También está la lejanía de lo que tuvo y confirió un sentido, y se echa ahora como una mordiente bestia a nuestro costado. Se ve en “Bajo una luna altísima”, poema que arrasa, por reproducir una experiencia próxima y dolorosa. Aquí se ve la emblemática camisa, “amable, romántica, liberal…enemiga del safari y la guayabera moderna”, que escindió un tiempo y una isla para nuestro perpetuo dolor y vergüenza, pero también para nuestra esperanza. La ciudad una y otra vez muestra sus rincones amorosos y afligidos. Surge revivida, nunca perdida aunque distante, de “Adónde irá el camino”, con alusiones a sitios, prácticas y amigos que hicieron camino al andar. Pero si el tiempo recordado parece dar un salto en el vacío como el amigo muerto, la palabra, el texto, resucitan instante y presencias, y las restituyen para la perpetuidad del sentido salvado. El tema vuelve en el breve pero intenso “Parque San José”, el Elíseo de amantes y bohemios en la ciudad, donde el hálito del afán verdea en sus laureles que esperan por la vuelta anunciada de los amantes. También en el espléndido resumen de “Hasta la costa”, donde amor, memoria y sueños, se encuentran, entran en conflicto, arrojan al ser hacia la orilla. ¿Cuál?, nos preguntaremos. Y ¿hacia qué costa nos arroja la vida sino es a la del anhelo incumplido, al borde mismo de la espumeante nada? Solo somos nuestras derrotas, parece decirnos, pero en ellas flamea, como un fuego fatuo, lo mejor nuestro que se ha quemado y que ahora, fulgor, nos ilumina en la aceptación del borde último.

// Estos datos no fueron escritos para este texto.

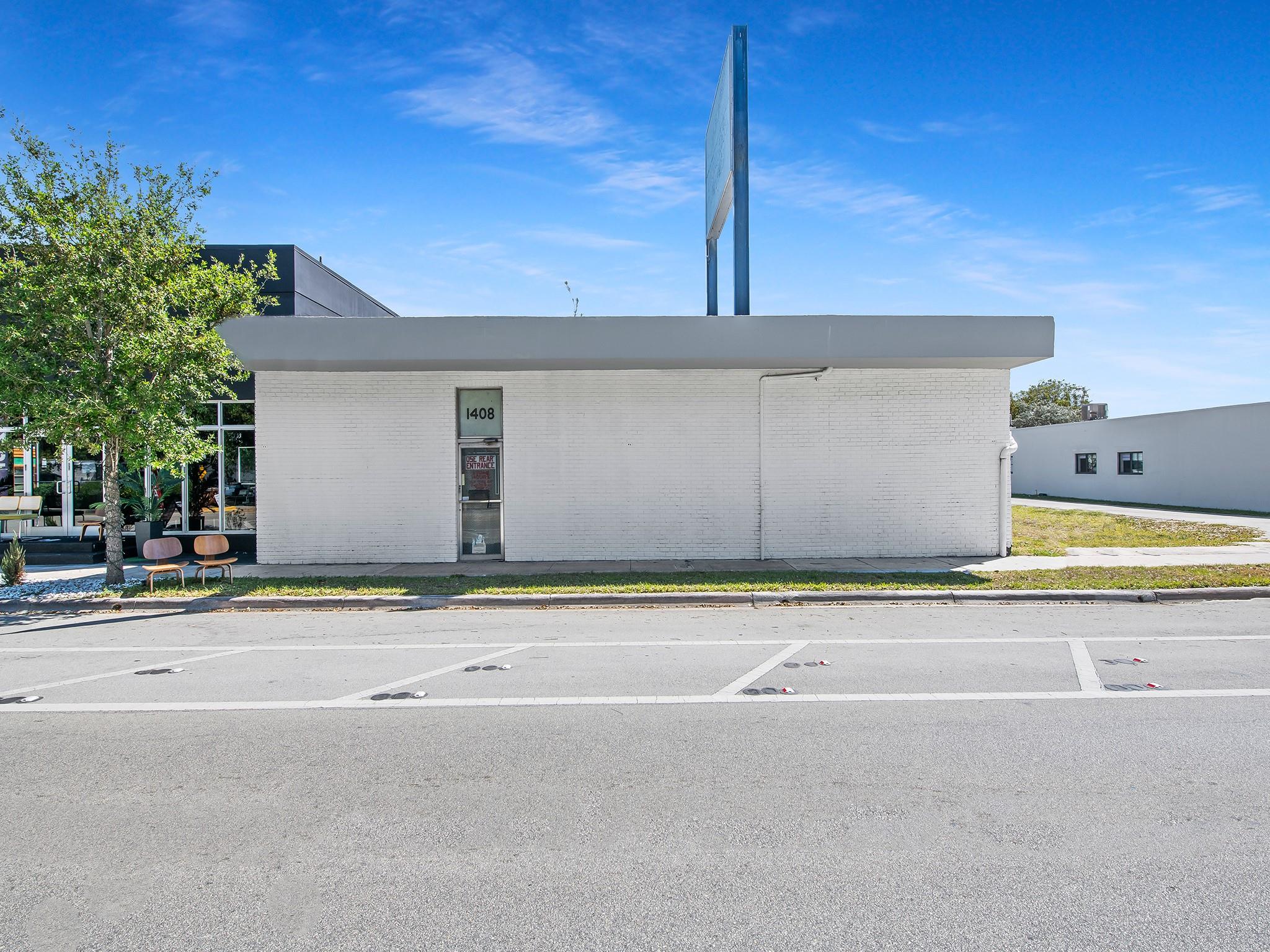 Well-located commercial retail/office property in Studio City, directly on N.E. 4th Avenue between Flagler Village and Wilton Manors. Includes two additional commercial lots for overflow parking or potential redevelopment. Positioned near 1B+ projects like Searstown and FAT Village, the area is experiencing rapid growth and investment. The building features two roll-up bay doors and a gray shell interior, offering flexible, open space for retail, creative workspace, or light industrial use. Zoned for a variety of commercial uses, it’s ideal for businesses or developers in a dynamic, evolving market.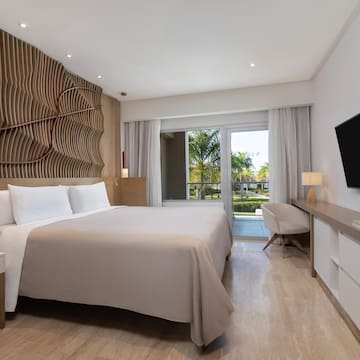 a room with a bed and a television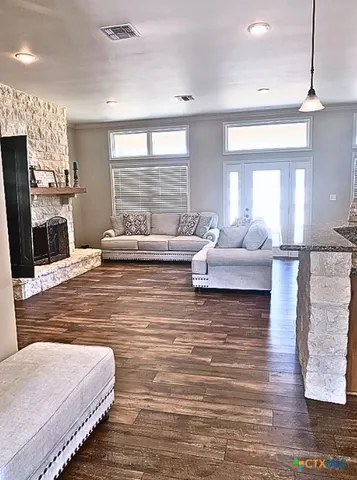 a living room with furniture fireplace and flat screen tv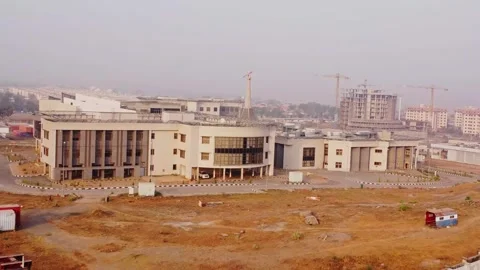 Dynamic zoom out of the NILDS office building in Abuja, Nigeria on a sunny day Stock Footage 328858606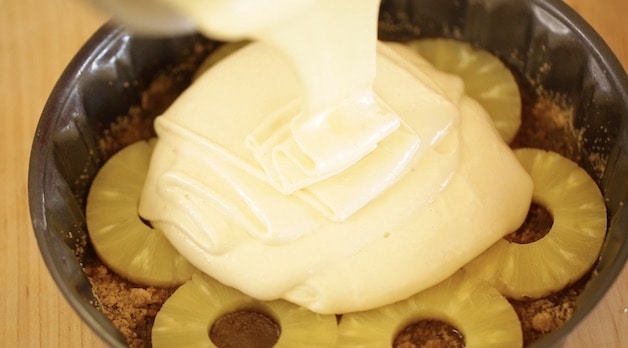 Pouring Batter onto Pineapple Rings for a Pineapple Upside Down Cake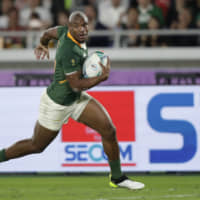 South Africa\'s Makazole Mapimpi scores a try in the second half against England in the Rugby World Cup final on Saturday night at International Stadium Yokohama. | AP
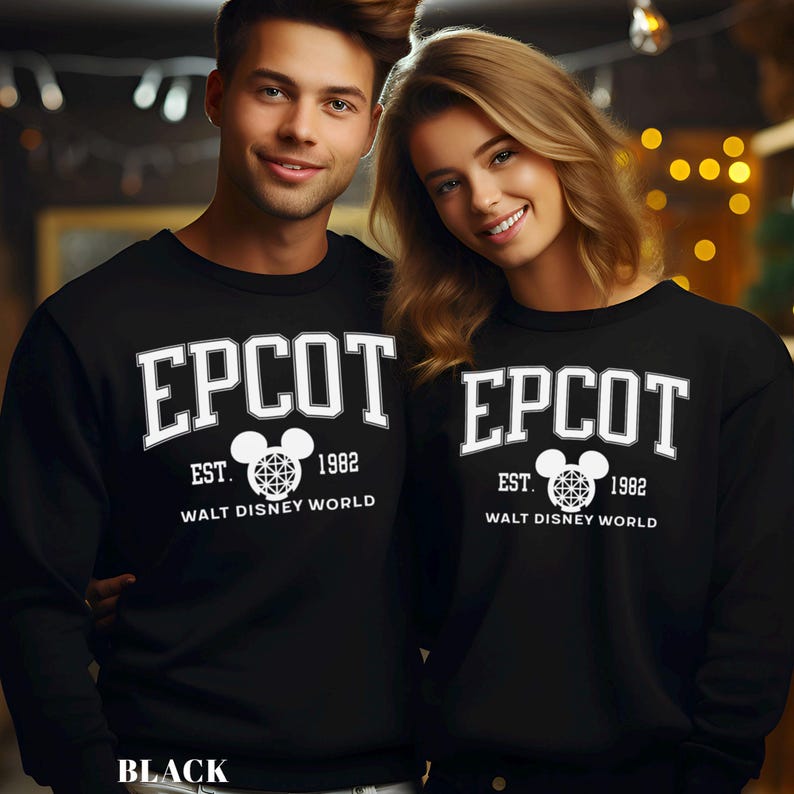 K&ouml;nnte beinhalten: Schwarze Sweatshirts mit dem Wort "EPCOT" in wei&szlig;er Schrift im College-Stil. Darunter steht der Text "EST. 1982 WALT DISNEY WORLD" in Wei&szlig;, mit einer Mickey-Mouse-Kopf-Grafik. Das Wort "BLACK" steht unten.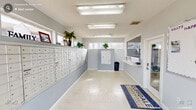 Located at Cliffdale Crossing Apartments in Fayetteville, NC, this dedicated mail room serves as a central hub for resident correspondence and package services. The space is designed with functionality and accessibility in mind, accommodating a large community with ease. Dominating the longest wall is an expansive, floor-to-ceiling bank of individual white mailboxes, providing secure mail storage for a significant number of residents. A second, smaller cluster of mailboxes is positioned on an interior dividing wall, ensuring efficient organization throughout the room. A wide service counter runs along one end of the space, offering a convenient area for residents to sort mail or interact with staff through the adjacent glazed office window. The room is finished with light-toned tile flooring that reflects the ample overhead fluorescent lighting, creating a bright and clean environment. Multiple windows along the exterior wall bring in natural light and offer views of the surrounding community. Touches of greenery from potted plants placed atop the mailbox units add a welcoming, community-oriented feel. A branded Cliffdale Crossing entryway mat greets visitors at the door, reinforcing the space's identity as a well-maintained community amenity.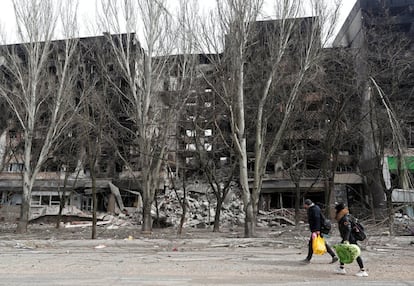 Dos personas caminan frente a un edificio de apartamentos destruido en Mariupol, en el sudeste de Ucrania. Este viernes, la Cruz Roja ha anunciado que la operación de evacuación de civiles de la ciudad portuaria, asediada desde hace más de un mes, ha fracasado debido a que era imposible acceder a la localidad.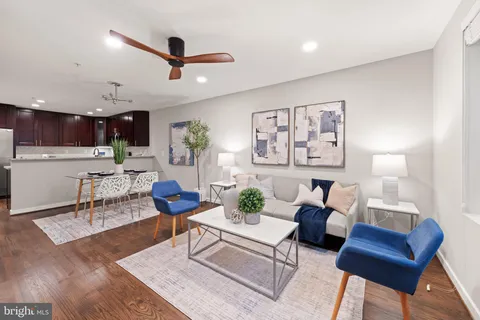 a living room with furniture and a view of kitchen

El final no puede ser más memorable. “Yo vendo fantasías”, proclama el poeta –es lo que hacemos los poetas–, “y de algún modo soy feliz con mis suerte. / Ya nada me sujeta bajo los toldos lejanos. / Ya nada me juzga entre las hojas perdidas.” Declaración de una poética y, quizá, testamento. Telón luminoso, sans peur et sans reproche, el poeta se crece en sabiduría. La felicidad es un estado de gracia, la revelación de la exactitud del ser y su verdad, más que la infatuación en goces y ganancias. Ha sido largo el camino, arduo, plagado de acechanzas y pérdidas, pero en la entereza de su admisión está lo robusto del hombre. Nada sabríamos del gozo sin el dolor, ni de la luz sin la sombra. Como casi nadie sabe al empezar el trayecto y solo algunos llegan a entender. Para eso hay que abrirse el pecho y mirar con ojos limpios, sin prejuicios ni auto compasión. Cuando ya es tiempo de aceptar, declarar y proseguir con esa felicidad de los que no se engañan y entreven la luz verdadera.

En fin, no hay poema que no someta al lector a un temblor, a una tensión, a una revelación de un destino golpeado pero sentido. ¡Salve, amigo, has escrito el testimonio emotivo de una generación! Me hubiera gustado escribir cada uno de esos poemas, pero en fin los escribiste y ya son míos. Nuestros. Para siempre.